Both the line containing "Gucci Blue Gg Crossover Pants for men" and the line containing "Conjunto de 3" belong to the span. Output exactly that span from the listing below, and nothing outside it.

_Data to process_
#####

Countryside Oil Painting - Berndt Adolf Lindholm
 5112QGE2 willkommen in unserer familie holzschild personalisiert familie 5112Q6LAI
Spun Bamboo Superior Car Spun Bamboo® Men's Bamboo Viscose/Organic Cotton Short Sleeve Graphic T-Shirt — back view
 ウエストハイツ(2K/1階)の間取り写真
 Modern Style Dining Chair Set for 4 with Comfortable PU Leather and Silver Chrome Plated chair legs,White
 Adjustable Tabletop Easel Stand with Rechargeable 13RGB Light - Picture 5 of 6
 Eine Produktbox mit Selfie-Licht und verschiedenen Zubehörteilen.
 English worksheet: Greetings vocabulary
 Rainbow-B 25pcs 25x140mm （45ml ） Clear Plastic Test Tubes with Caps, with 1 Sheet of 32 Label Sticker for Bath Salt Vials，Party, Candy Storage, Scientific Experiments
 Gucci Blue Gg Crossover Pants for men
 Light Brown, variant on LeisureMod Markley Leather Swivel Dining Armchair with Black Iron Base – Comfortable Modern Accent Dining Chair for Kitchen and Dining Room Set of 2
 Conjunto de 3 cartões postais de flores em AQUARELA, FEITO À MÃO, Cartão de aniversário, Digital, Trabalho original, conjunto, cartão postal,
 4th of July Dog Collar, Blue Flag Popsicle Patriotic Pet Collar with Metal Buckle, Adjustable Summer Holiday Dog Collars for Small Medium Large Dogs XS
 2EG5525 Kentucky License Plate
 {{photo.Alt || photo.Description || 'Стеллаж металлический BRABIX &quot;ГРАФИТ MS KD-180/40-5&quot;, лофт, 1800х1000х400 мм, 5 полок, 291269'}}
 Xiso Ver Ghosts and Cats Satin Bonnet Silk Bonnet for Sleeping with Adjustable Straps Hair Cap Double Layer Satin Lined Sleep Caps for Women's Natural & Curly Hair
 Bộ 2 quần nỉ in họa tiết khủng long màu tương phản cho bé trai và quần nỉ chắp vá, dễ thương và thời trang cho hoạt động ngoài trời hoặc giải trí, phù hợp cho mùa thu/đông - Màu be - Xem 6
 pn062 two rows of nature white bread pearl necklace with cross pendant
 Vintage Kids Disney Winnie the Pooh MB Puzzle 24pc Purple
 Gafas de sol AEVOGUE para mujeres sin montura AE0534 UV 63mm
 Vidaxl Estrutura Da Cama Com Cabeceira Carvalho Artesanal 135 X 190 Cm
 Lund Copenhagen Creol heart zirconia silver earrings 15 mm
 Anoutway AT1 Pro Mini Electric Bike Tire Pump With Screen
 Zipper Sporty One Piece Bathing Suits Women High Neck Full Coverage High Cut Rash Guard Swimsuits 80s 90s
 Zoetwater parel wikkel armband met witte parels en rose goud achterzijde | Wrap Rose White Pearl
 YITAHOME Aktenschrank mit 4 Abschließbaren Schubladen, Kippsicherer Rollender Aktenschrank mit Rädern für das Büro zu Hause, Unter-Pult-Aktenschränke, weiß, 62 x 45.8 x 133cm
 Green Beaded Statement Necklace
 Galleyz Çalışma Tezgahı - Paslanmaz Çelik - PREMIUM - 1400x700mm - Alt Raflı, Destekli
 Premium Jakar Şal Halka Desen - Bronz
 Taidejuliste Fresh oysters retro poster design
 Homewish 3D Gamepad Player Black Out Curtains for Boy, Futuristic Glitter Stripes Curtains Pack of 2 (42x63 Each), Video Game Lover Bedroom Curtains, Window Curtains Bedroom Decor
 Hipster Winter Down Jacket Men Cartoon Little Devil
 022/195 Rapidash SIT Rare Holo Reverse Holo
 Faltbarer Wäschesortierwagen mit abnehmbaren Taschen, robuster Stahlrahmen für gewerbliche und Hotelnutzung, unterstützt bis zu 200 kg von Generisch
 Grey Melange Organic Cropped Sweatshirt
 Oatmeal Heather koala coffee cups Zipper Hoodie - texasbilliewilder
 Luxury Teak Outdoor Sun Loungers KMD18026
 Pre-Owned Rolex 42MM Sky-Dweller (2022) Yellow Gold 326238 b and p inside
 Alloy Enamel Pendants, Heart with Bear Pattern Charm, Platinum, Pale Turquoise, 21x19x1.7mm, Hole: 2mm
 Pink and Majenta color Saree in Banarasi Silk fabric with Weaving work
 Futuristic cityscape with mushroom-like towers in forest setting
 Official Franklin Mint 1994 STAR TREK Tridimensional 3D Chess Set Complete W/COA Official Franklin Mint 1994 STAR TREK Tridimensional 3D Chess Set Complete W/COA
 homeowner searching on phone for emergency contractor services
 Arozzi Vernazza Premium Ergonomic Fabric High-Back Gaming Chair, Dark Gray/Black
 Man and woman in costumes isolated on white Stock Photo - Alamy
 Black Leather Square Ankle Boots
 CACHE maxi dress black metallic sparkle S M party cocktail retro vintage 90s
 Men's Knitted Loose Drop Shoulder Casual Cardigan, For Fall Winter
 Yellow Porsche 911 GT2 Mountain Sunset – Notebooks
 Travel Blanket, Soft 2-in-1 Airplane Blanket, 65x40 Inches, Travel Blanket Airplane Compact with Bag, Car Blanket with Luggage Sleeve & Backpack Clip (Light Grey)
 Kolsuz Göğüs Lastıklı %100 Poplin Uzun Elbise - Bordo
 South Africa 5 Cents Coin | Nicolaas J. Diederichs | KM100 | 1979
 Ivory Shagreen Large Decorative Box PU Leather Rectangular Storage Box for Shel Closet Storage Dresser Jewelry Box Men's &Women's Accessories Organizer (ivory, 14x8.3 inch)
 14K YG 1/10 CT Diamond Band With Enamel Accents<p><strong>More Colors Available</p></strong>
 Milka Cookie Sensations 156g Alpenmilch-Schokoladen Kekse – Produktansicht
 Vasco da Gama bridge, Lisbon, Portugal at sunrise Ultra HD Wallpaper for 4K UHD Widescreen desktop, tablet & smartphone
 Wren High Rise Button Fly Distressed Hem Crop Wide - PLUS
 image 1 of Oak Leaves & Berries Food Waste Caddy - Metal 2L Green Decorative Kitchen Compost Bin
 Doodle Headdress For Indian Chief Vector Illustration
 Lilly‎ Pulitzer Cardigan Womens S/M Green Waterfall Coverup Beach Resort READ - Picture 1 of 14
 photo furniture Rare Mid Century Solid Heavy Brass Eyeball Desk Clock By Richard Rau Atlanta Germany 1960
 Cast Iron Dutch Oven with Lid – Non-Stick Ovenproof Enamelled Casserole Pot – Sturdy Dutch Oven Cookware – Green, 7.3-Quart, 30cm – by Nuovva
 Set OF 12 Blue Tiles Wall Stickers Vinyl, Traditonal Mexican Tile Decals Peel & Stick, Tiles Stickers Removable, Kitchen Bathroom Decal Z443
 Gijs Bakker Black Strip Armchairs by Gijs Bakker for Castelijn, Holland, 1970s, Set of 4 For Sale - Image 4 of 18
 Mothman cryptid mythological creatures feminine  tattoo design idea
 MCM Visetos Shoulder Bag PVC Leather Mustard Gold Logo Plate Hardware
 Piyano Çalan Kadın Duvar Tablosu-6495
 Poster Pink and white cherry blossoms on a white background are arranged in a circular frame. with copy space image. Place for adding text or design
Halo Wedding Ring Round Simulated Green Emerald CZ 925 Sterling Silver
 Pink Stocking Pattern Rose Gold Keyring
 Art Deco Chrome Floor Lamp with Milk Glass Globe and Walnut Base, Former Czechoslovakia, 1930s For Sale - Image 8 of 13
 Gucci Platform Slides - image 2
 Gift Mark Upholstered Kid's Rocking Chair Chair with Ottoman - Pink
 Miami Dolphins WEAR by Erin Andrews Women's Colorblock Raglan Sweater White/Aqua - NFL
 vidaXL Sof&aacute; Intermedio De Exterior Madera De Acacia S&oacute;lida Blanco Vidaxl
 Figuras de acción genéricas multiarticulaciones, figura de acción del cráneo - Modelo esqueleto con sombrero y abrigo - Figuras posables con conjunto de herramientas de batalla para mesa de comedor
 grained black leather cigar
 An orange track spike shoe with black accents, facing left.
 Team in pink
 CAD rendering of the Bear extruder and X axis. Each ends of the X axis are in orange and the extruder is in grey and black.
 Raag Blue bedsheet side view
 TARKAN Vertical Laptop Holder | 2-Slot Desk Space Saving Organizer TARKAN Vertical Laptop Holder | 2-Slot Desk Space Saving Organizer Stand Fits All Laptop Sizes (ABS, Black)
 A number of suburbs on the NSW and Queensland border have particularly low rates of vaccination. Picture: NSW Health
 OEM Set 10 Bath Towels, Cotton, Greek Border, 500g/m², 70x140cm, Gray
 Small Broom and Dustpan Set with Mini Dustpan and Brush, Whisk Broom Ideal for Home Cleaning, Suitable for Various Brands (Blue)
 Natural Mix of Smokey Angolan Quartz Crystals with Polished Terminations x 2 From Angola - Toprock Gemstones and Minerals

#####

_The answer_
 Gucci Blue Gg Crossover Pants for men
 Light Brown, variant on LeisureMod Markley Leather Swivel Dining Armchair with Black Iron Base – Comfortable Modern Accent Dining Chair for Kitchen and Dining Room Set of 2
 Conjunto de 3 cartões postais de flores em AQUARELA, FEITO À MÃO, Cartão de aniversário, Digital, Trabalho original, conjunto, cartão postal,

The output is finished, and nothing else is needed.